» WORK INSTRUCTION: Provide a verbatim copy of all the records below, leaving the images out.

[Brief descriptive captions]
BEGIN
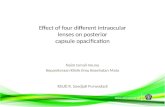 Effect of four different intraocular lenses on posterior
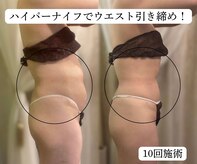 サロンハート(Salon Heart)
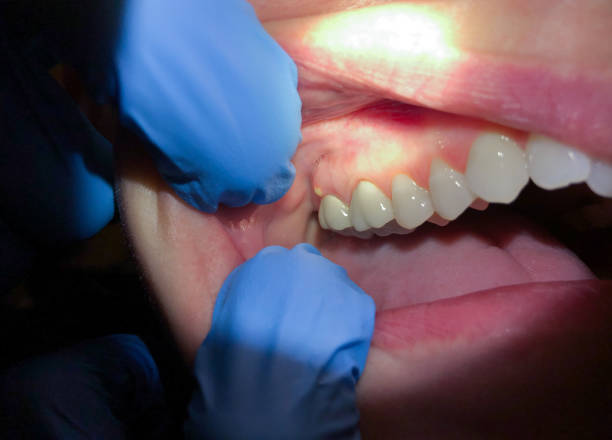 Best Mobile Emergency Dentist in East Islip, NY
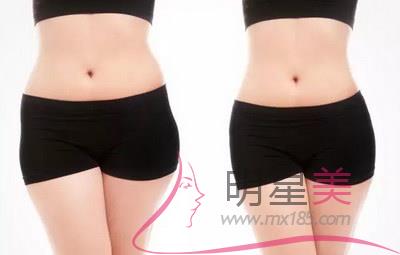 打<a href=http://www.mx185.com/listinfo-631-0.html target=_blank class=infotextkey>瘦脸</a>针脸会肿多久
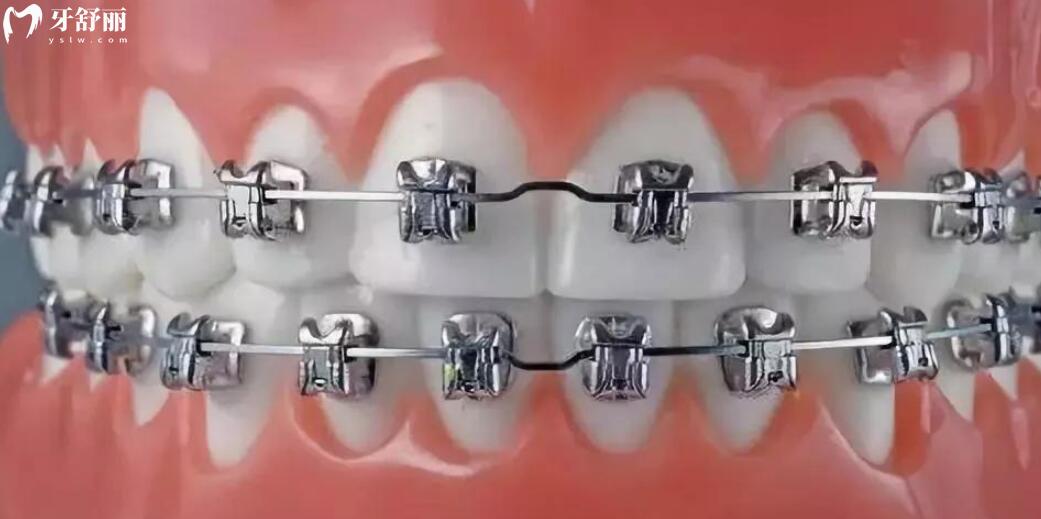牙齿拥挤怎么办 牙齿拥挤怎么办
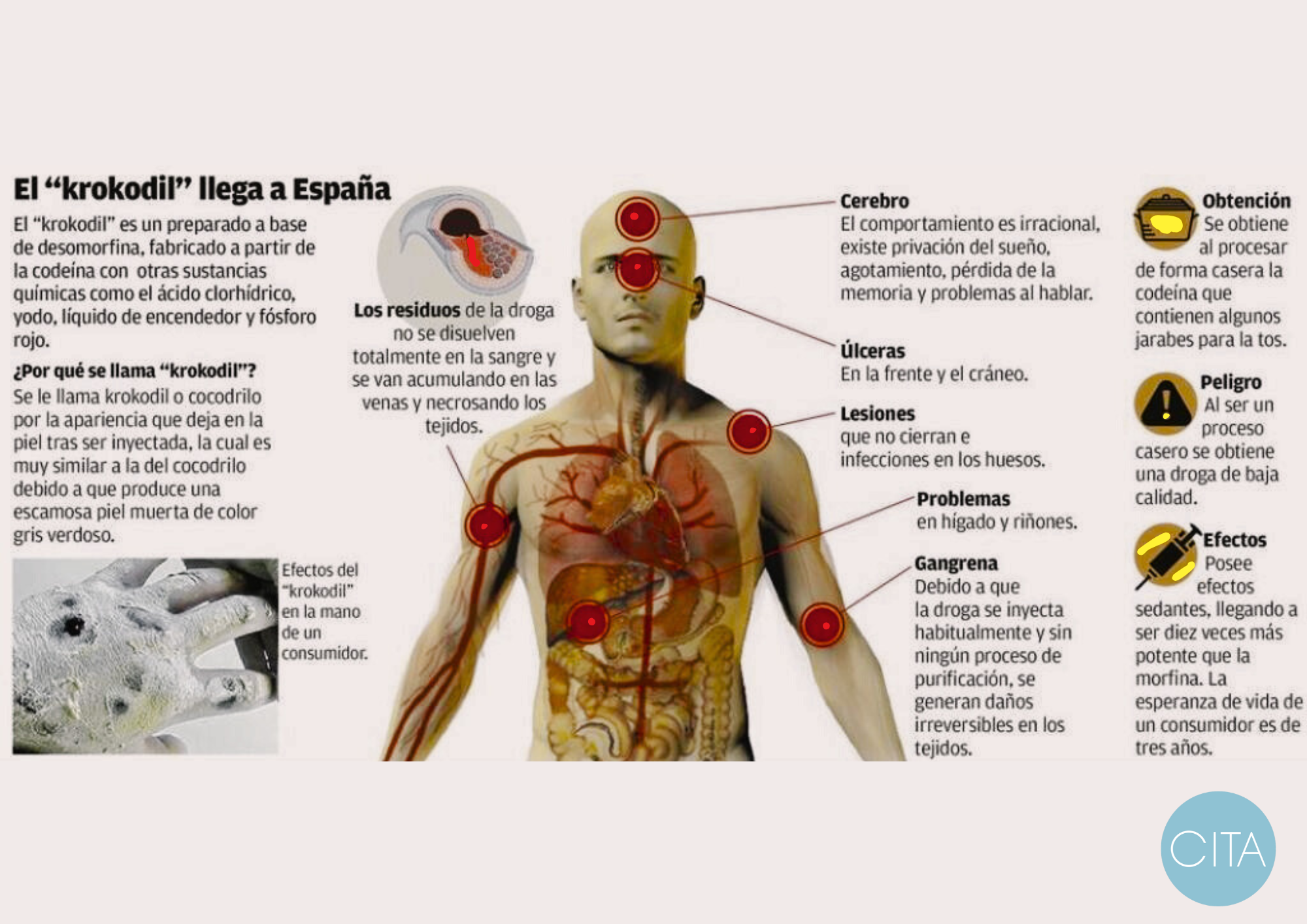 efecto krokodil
END
» ANSWER FOR THE TASK:
 Effect of four different intraocular lenses on posterior
 サロンハート(Salon Heart)
 Best Mobile Emergency Dentist in East Islip, NY
 打<a href=http://www.mx185.com/listinfo-631-0.html target=_blank class=infotextkey>瘦脸</a>针脸会肿多久
牙齿拥挤怎么办 牙齿拥挤怎么办
 efecto krokodil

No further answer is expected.